Some of us will even just shiver at the word. And, if you're reading this in the middle of the night, while you're home along, you might want to forego it until it's nice and bright and sunny outside. I'm just warning you.

Spiders.

Why must you invade my house?

Spiders.

Do you really think you'll be better off INSIDE my house, than, say, outside in the garden?

Spiders.

If you MUST be INSIDE my house, could you please abide by the following rules:

1. Do not crawl on the ceilings, where I can not reach you without a chair or step stool. If you are on the ceiling, and I must stand on something to squish you, there is a higher chance that I will get flustered, miss, and you will fall on top of me. This could be bad, if I were to fall off said object, and potentially hit my head and kill myself.
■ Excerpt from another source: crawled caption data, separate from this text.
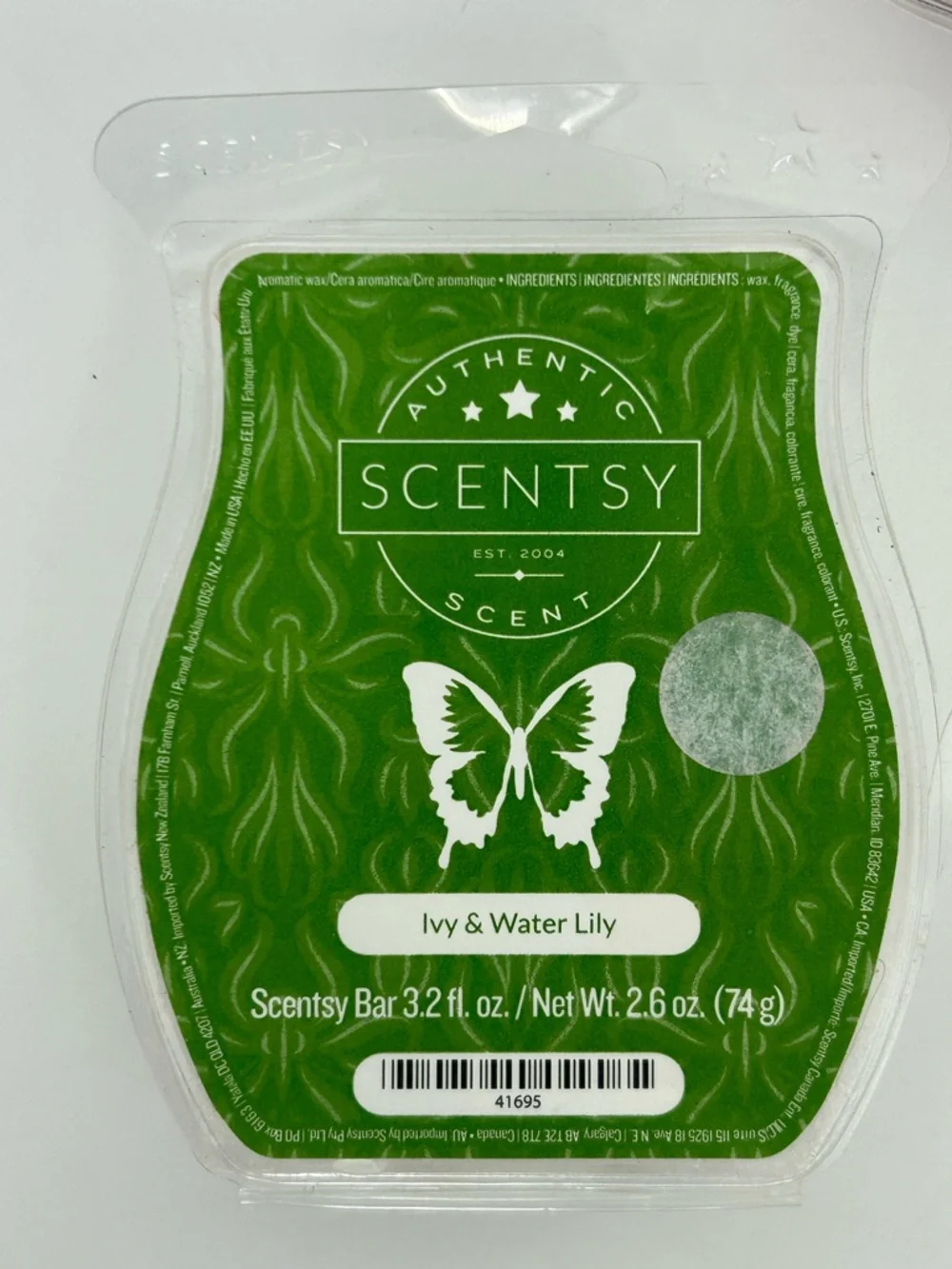 Scentsy 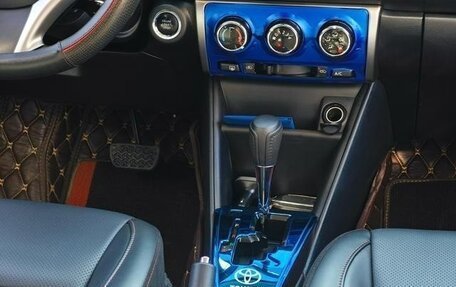 Toyota Yaris XP150 рестайлинг, 2021 год, 1 550 000 рублей, 14 фотография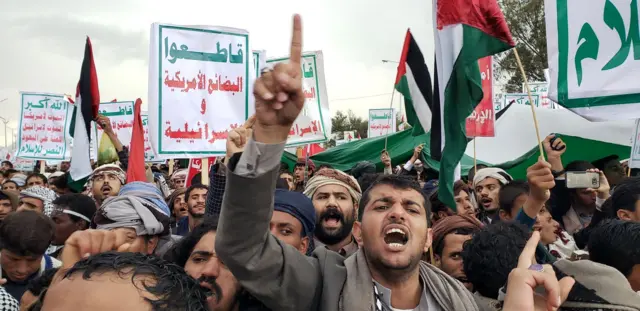 حوثی ها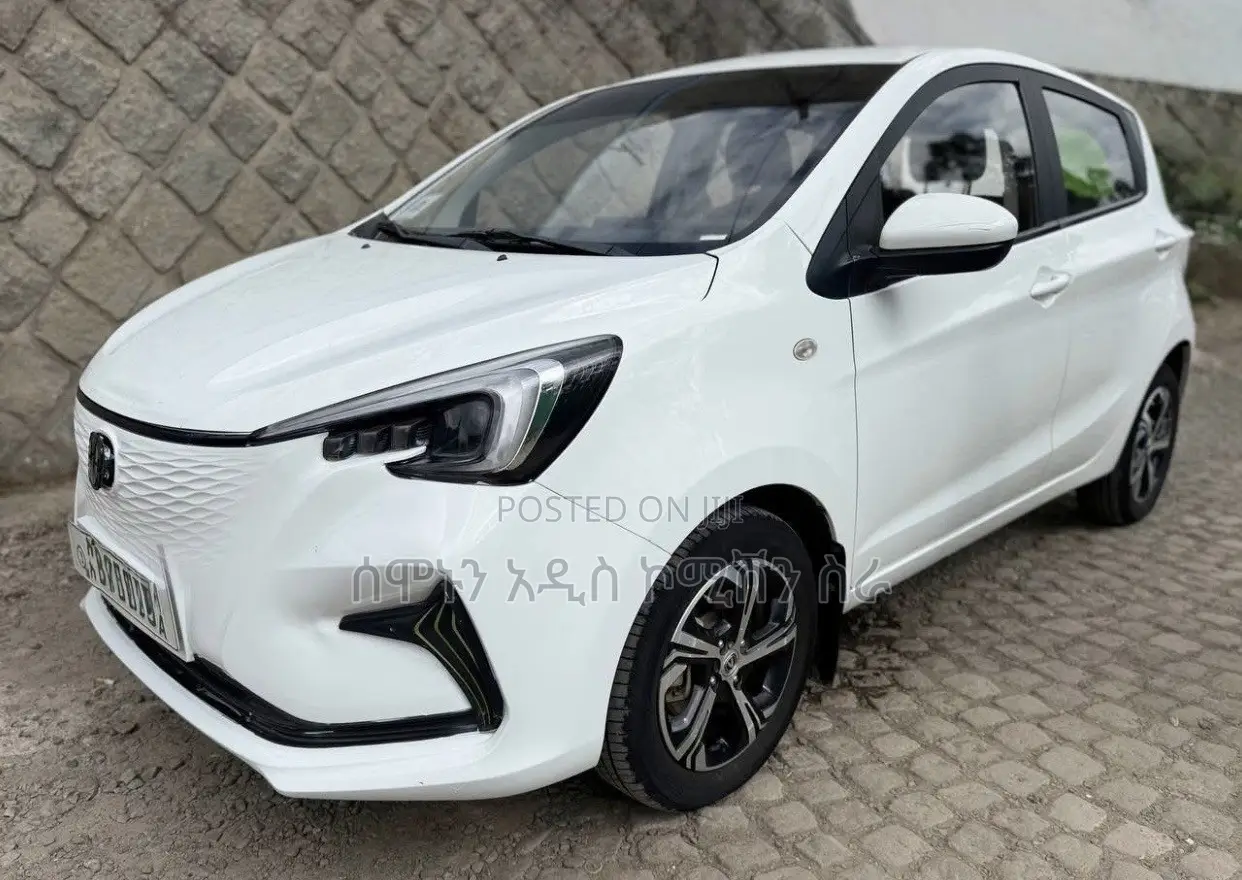 Changan BenBen E-Star 32 kWh FWD 2023 White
2. Do not crawl on my furniture. My furniture is my safe spot. I think that if I am on my furniture, you can not reach me. Seeing you on my furniture diminished the appearance of my safe haven, causing me to fear that no place is safe from you.
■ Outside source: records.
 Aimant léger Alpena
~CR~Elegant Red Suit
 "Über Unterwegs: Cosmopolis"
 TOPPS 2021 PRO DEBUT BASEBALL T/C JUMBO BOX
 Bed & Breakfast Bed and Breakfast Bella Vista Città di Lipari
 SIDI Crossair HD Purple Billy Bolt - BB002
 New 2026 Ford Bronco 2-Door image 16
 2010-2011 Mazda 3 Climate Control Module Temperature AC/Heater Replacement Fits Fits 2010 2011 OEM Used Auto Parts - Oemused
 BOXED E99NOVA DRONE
3. Do not come out where I can see you. Period. If you must be in my house, stay hidden and out of my line of sight. Stay in the corners, in the closet, under the furniture (never ON the furniture), behind the washer, etc. If you can see me, I can see you. So wherever you are finding yourself, if you can see me, you should not be there. Period.
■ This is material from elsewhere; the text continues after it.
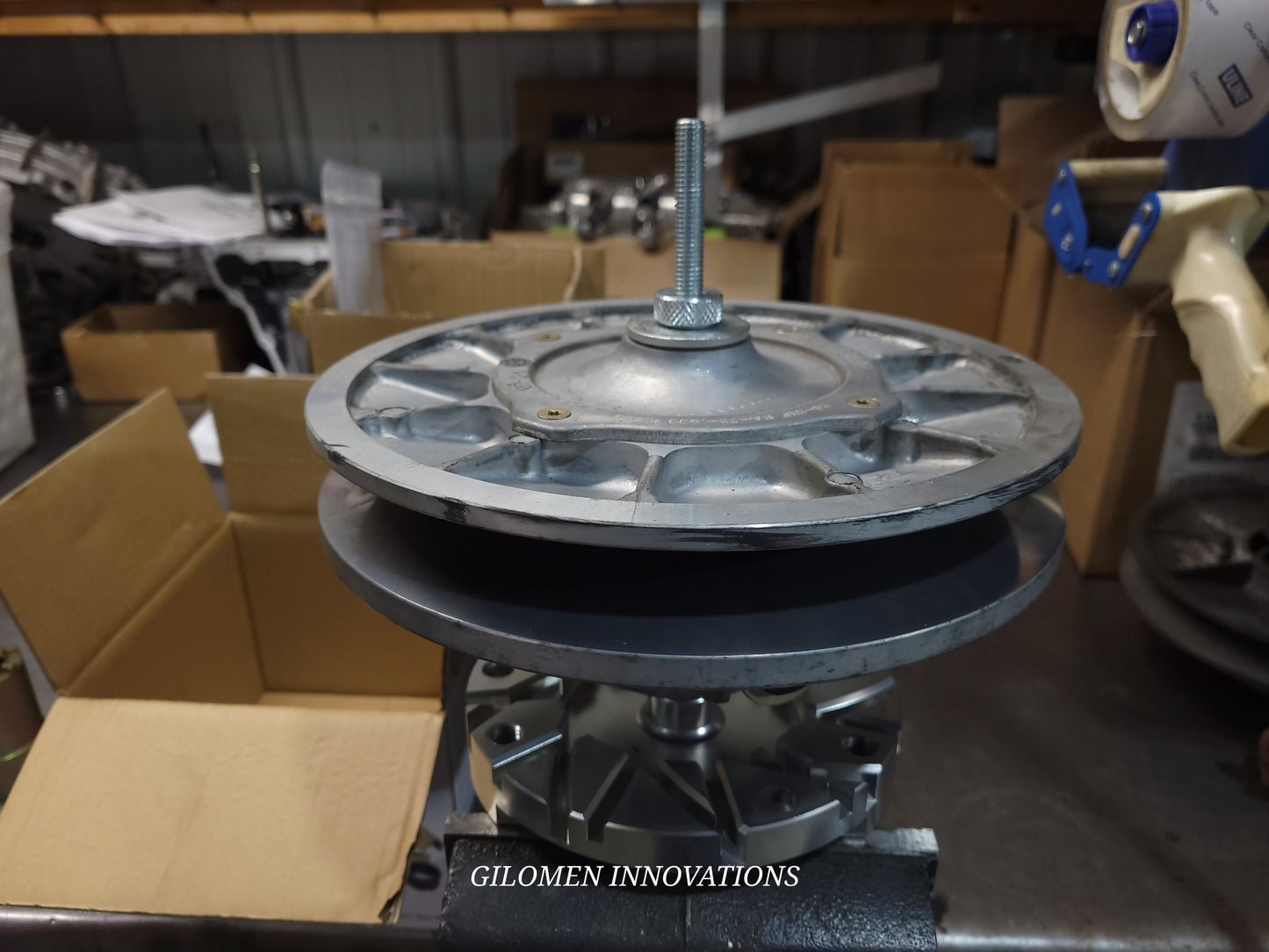 Complete Clutch Service Tool Kit Primary and Secondary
4. The above rule applies even if it is dark. There are reasons for me to be awake in the middle of the night. This is, truly, the worst time for you to be out in my house. Reason being, if it is dark/night time, and I happen to spot you (which means you're violating rule #3), my night is completely shot. There is no way I will be able to go back to sleep. So if you MUST come out where I can see you, do so during the daylight hours.

5. Stay off of me. Please. If you only obey one rule, let this one be it! There are myths that you crawl all over us humans while we sleep. There are even worse myths that say humans, on average, EAT 7 spiders a year. So please, for your sake as well as mine, NEVER crawl on me!

Spiders.

Spiders are good. As long as they are outside, out of sight, and out of mind.

Have a pleasant night!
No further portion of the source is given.